1. Use bi-fold doors to bring the outdoors in

Nothing beats opening your kitchen doors wide open on a warm day, creating one large living space between your home and garden. Bi-fold doors concertina right out of the way, for a seamless transition between outdoors and in. This is the perfect way to draw light (and fresh air) into a kitchen extension, but even on days when the weather is too cold or rainy to open them, they allow plenty of sunlight in.

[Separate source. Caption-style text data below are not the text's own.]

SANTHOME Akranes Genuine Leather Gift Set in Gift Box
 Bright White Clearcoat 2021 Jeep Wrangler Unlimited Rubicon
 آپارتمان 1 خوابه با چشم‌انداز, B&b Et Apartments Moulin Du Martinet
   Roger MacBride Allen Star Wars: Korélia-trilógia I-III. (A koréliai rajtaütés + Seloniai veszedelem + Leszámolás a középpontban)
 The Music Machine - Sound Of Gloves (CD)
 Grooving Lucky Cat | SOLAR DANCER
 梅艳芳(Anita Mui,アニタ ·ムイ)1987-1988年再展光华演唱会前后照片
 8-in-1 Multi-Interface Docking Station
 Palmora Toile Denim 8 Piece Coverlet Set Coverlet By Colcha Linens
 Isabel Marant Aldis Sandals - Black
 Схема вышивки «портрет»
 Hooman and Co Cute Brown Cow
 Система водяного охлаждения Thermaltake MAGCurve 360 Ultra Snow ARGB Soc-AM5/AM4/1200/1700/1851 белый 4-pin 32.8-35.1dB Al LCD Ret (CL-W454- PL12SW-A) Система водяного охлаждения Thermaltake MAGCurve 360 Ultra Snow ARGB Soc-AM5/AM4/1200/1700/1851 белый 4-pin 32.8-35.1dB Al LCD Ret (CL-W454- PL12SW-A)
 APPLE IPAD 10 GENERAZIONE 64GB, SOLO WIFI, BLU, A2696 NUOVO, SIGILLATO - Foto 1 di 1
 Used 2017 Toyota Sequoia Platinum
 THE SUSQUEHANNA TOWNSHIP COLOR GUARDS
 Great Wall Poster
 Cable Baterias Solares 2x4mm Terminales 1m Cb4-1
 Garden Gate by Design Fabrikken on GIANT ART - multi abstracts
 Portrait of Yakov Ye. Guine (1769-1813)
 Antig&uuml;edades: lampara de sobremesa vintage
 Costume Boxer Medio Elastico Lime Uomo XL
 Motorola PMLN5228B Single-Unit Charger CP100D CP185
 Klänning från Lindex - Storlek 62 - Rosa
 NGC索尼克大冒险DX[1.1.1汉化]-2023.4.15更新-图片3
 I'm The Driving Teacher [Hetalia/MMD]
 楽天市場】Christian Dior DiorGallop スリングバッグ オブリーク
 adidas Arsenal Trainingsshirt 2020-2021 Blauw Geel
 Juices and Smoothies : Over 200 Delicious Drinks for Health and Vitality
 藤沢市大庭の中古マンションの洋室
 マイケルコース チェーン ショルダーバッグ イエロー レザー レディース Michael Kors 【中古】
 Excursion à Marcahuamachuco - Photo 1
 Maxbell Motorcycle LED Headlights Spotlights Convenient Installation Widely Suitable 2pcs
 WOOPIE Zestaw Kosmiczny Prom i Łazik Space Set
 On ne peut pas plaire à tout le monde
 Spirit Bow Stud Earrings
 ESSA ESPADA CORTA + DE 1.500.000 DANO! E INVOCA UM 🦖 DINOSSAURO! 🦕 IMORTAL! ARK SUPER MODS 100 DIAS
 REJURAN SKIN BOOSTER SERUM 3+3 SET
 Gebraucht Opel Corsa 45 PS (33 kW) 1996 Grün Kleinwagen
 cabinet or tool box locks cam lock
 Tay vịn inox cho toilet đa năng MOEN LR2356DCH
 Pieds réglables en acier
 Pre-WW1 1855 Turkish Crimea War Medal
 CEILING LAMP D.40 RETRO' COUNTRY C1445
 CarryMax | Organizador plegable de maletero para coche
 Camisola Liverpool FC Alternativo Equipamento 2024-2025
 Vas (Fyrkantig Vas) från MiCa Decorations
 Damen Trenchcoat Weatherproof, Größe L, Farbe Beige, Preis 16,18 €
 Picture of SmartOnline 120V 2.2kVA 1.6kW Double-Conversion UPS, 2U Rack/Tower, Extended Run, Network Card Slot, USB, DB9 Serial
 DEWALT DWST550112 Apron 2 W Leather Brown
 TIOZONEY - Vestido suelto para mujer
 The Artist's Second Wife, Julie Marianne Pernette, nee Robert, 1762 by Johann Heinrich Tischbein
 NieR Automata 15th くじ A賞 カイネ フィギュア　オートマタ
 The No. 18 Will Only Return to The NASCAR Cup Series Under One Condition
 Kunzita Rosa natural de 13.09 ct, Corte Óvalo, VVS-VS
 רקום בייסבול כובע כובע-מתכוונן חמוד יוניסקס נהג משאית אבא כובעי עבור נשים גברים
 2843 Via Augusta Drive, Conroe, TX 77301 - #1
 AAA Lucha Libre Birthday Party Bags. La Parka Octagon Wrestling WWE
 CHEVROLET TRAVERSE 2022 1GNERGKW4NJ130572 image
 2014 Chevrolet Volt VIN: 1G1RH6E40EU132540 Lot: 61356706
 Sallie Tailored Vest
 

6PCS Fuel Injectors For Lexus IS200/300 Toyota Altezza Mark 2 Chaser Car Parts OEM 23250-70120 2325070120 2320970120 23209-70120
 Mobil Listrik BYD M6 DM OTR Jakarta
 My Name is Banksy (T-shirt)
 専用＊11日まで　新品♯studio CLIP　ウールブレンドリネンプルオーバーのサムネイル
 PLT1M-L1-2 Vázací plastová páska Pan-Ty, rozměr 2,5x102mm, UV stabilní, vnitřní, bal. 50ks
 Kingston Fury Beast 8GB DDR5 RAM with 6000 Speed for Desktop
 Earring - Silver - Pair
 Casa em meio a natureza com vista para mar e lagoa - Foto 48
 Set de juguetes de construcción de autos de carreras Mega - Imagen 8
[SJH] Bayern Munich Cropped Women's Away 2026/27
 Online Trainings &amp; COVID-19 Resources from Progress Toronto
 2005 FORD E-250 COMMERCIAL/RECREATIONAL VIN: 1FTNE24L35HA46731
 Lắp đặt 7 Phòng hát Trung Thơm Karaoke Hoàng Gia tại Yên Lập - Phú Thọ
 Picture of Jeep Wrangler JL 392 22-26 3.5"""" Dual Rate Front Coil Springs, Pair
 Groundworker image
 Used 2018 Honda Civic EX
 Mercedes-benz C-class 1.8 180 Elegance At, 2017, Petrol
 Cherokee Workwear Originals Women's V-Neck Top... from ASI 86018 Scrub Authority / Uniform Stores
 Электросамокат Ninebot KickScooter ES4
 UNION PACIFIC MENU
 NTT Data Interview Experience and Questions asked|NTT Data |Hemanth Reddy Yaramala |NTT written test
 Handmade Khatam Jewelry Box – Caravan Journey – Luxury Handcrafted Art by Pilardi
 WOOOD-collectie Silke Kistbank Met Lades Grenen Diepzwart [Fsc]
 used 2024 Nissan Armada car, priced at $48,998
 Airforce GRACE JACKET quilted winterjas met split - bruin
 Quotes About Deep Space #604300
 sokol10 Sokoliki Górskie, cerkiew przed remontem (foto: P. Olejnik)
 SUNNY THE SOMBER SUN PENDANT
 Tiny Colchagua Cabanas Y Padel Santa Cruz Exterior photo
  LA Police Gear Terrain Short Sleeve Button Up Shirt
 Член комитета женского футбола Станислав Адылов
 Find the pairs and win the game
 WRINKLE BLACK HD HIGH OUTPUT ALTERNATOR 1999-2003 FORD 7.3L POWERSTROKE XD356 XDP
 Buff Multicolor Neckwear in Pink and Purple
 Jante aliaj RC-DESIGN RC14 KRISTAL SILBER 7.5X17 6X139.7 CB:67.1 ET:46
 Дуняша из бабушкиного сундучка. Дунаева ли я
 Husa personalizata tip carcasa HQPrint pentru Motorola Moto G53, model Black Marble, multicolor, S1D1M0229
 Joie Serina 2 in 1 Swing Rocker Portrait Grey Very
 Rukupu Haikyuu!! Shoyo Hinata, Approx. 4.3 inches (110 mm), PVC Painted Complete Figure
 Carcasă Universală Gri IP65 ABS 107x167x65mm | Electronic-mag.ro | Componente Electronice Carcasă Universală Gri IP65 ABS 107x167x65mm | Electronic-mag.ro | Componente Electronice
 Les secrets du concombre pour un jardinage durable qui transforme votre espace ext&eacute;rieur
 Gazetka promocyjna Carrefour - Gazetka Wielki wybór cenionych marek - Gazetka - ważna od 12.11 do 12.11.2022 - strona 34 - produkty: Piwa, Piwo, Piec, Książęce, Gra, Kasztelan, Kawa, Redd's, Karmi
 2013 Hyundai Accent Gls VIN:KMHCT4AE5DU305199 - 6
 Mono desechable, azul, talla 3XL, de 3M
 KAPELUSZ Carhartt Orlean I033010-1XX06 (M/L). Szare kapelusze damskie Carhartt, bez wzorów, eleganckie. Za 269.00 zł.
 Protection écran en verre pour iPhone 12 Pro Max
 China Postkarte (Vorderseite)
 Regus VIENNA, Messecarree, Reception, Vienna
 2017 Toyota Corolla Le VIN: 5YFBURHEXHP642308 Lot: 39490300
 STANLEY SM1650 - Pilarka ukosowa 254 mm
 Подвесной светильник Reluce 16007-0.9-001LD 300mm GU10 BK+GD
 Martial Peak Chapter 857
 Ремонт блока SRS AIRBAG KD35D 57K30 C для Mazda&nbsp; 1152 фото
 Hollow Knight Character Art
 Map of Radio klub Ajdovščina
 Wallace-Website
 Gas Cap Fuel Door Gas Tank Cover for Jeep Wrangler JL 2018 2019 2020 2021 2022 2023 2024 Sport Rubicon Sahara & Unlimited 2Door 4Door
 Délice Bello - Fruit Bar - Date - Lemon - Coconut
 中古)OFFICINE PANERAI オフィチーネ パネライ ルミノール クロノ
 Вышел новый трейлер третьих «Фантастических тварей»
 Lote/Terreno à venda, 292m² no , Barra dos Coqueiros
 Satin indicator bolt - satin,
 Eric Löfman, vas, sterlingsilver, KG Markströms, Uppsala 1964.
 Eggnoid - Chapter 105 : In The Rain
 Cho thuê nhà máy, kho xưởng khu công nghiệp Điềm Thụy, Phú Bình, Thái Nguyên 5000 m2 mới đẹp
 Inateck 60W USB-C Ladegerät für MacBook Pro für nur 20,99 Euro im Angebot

kitchen extension with bi-fold doors

(Image credit: Alpine Aluminium)

2. Slimline glazing is a great choice for optimising light

If you choose bi-fold doors or sliding doors to create a link between your kitchen and garden, consider a design with slimline frames. Look out for glazing made from aluminium which is incredibly strong and can be made into thinner, lightweight frames. The thinner the frames, the larger the glazing apertures and the more light can get in. 

So which type of slimline glazing is right for you? If framing a view or optimising light is your main priority, you might want to choose sliding doors over bi-folding as larger panes of glass is possible. If creating a larger opening to the garden is priority, bi-folds are for you.

kitchen diner area in a kitchen extension with sliding doors

(Image credit: Alpine Aluminium)

3. Rooflights are perfect for a side-return extension

Side returns are a common extension type for Victorian homes. That bit of redundant space to the side of an existing kitchen or lean-to is a great place to extend and if you don’t add a storey above, you can maximise light by glazing the roof of the new build. It doesn’t have to be one continuous glazed section (although this can be striking) – placing several rooflights along the length of the new roof is sure to bring plenty of light in. There are rooflights for both flat roofs and sloping so design a roofline that suits your build before choosing your glazing.

4. Choose a roof lantern for a light-filled dining area

Larger extensions can lead to little light reaching the back or centre of the room. While the walls may be a good place to start when it comes to glazing, the best way to get light into the internal footprint of the build is with light from above. Like rooflights, roof lanterns will bring extra light into you home. They work well in dining areas and are a great match for more traditional homes.

light filled kitchen extension with roof lanterns

(Image credit: Alpine Aluminium)

5. Find space for floor-to-ceiling glazing

If you have space for a window, why not make it full length to bring in as much light as possible? This can suit narrow sections of wall where a door won’t make sense and could bring in as much as 50 per cent more light than a standard window. Just be mindful of solar gain when choosing floor-to-ceiling glazing – especially if it doesn’t open. Choose suitable blinds to mitigate on extra sunny days.

floor to ceiling glazing and doors in a living space

(Image credit: Alpine Aluminium)

6. Don’t forget how décor can maximise light

Once you have chosen all of your glazing, there are several clever decorating tricks to make the most of natural light. Light colours are an obvious solution, but also think about where you can include reflective surfaces to bounce more light around the room. We aren’t just talking about mirrors – the trend for high gloss kitchen cabinets will work in your favour too. 

As well as this, follow any design principles you would for a north-facing room. For ideas, check out Scandinavian decorating ideas. With cold, dark winters in the northern hemisphere, they have become masters at creating bright and light homes. Pale wood flooring, white walls and lots of texture to make it feel cosy on colder days are key to the look.